Signal conditioning circuits such as difference amplifiers are often employed in data acquisition applications where isolation is desirable between the potentially much higher voltage of the monitored equipment and the lower voltage of the signal conditioning circuit, for example.
A difference amplifier amplifies the potential difference between its two inputs. Differential signals can be found in many applications, from simple ohmic drops across a sense resistor in a current sensing application to the output of a standard resistive bridge or load cell. Normally the sensed differential voltage is fairly small; usually of the order of microvolts to perhaps hundreds of millivolts.
Usually associated with every differential voltage is a common mode voltage. This common mode voltage can be of an order much, much higher than the differential signal. Each side of the sensed differential signal, when referred to some common potential like zero volts or ground, can be at a voltage potential far above or below the common zero volts or ground. This voltage, which is common to both sides of the sensed differential signal, is called the common mode voltage. This common mode voltage generally contains no useful information about the measurement signal so, ideally, the difference amplifier should amplify only the difference between the signals at its two inputs and ignore or reject the common mode voltage. Depending upon the application, this common mode voltage could be up to several hundreds volts or even higher. It could also be positive or negative with respect to a common point like ground or zero volts.
Additionally in some industries like process control, it is necessary to provide galvanic isolation between the sensed signal and the measuring circuitry. In other words there can be no ac or dc path between the sensed signal which has an associated common mode voltage and the subsequent signal conditioning circuitry which can have a different common mode voltage that is usually zero volts.
To implement an input signal conditioning system capable of meeting all such requirements in the past, a common approach has been to employ a technique called a flying capacitor technique. In this approach a capacitor is switched, either by optically controlled switches, or relays, from across the signal source to across the difference amplifier inputs. By such means the input common mode voltage is removed completely and only the differential input signal is presented to the difference amplifier. This approach can result in a solution which consumes a relatively large area of printed circuit board or printed wire board due to the mechanical relays. Other techniques which have been successful are those that use current transformers and those that are based upon Hall effect current transformers. The disadvantages of the current transformer approach include large physical size and weight, especially as measured current increases, high cost, inability to measure dc currents and voltages and limited accuracy. Disadvantages of the Hall effect approach include low accuracy with an open loop sensor, the need for an isolated power supply to power the isolated side, offsets due to the Hall effect elements and high cost and large physical size for closed loop sensors.

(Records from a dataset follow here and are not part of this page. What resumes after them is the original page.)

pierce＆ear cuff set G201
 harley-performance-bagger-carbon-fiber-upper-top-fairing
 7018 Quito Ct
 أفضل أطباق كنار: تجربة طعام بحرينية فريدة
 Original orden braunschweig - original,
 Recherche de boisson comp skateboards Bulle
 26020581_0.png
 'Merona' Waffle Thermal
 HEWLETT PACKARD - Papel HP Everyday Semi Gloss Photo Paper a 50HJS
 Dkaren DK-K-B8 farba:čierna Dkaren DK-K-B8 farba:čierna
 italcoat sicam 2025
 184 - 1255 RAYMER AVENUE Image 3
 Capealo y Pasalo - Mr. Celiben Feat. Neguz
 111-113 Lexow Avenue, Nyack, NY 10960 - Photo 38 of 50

Other approaches that are not based upon a flying capacitor technique are generally based upon a difference amplifier driving an analog-in, analog-out, isolation amplifier. The isolation amplifier is generally transformer-based, employing magnetic coupling to achieve both common mode voltage isolation and signal transmission. Both the difference amplifier and the isolated side of the isolation amplifier are powered from an isolated power supply with a sufficient continuous isolation-voltage rating. Disadvantages of this approach include large physical size, high cost, the need for an isolated power supply to power the isolated side and poor accuracy.
Another approach is to employ an analog to digital converter such as a delta-sigma modulator to digitize an analog input voltage. The digital bit stream from the delta-sigma modulator is then transmitted across an isolation barrier, either an optical barrier—more usual—or a magnetic barrier, and decoded on the far side of the barrier to produce a serial output data stream representing the analog input or, more usually, the transmitted data stream is decoded and converted from the digital domain into the analog domain to produce an analog voltage on the output side of the barrier. Disadvantages of this approach include the need for an isolated power supply to power the isolated side, the need to filter the data stream to extract the sensed signal, high frequency clock and data signals that potentially are a cause of radio frequency interference (RFI), front-end offset drift and gain drift issues over time and temperature, and a relatively expensive low-drift sense resistor.